» **Dataset**:
-- -- --
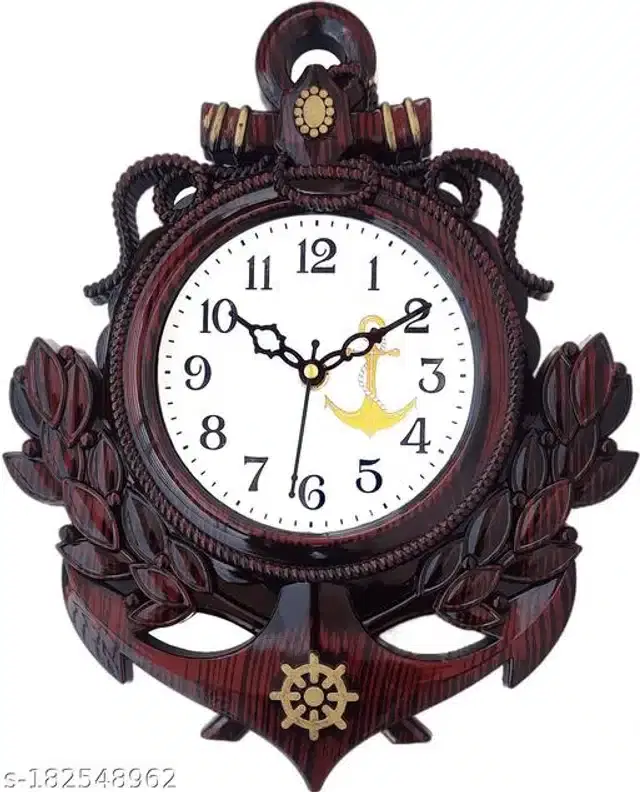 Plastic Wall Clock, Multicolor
-- -- --
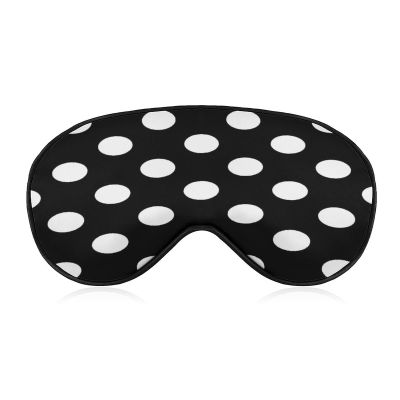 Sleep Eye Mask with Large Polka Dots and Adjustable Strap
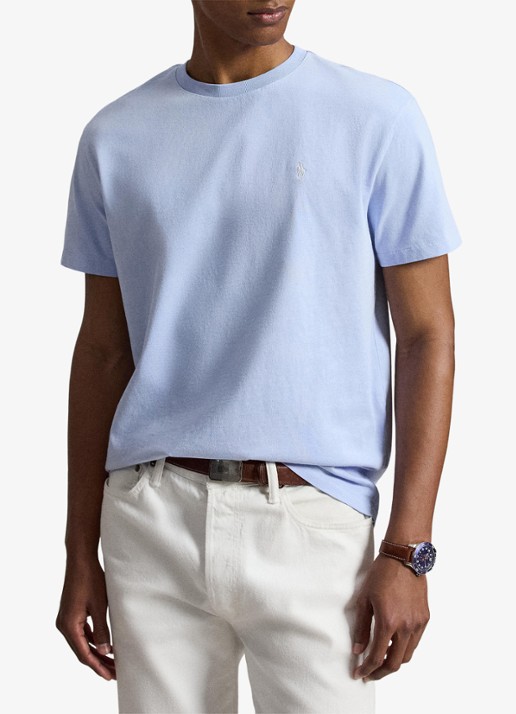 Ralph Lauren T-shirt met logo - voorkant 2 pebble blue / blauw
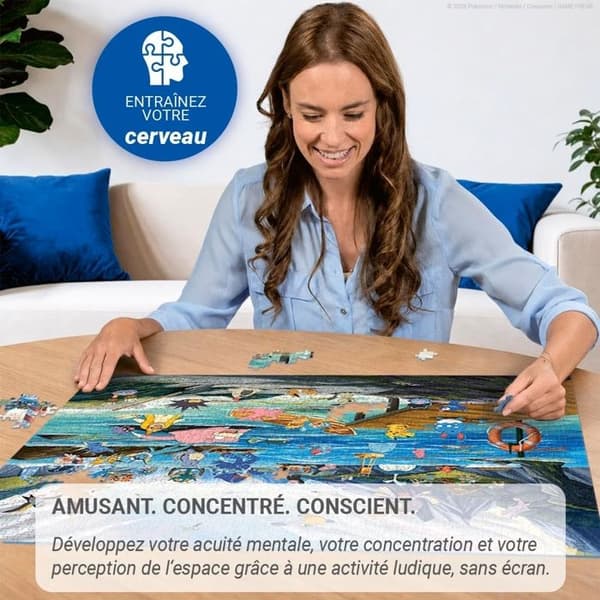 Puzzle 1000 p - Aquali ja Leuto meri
-- -- --
» **Task brief**: Restate word for word every line from the one with "Sleep Eye Mask" up to and including the one with "Puzzle 1000 p - Aquali ja Leuto meri" in the records above, minus the pictures.

» **Task solution**:
 Sleep Eye Mask with Large Polka Dots and Adjustable Strap
 Ralph Lauren T-shirt met logo - voorkant 2 pebble blue / blauw
 Puzzle 1000 p - Aquali ja Leuto meri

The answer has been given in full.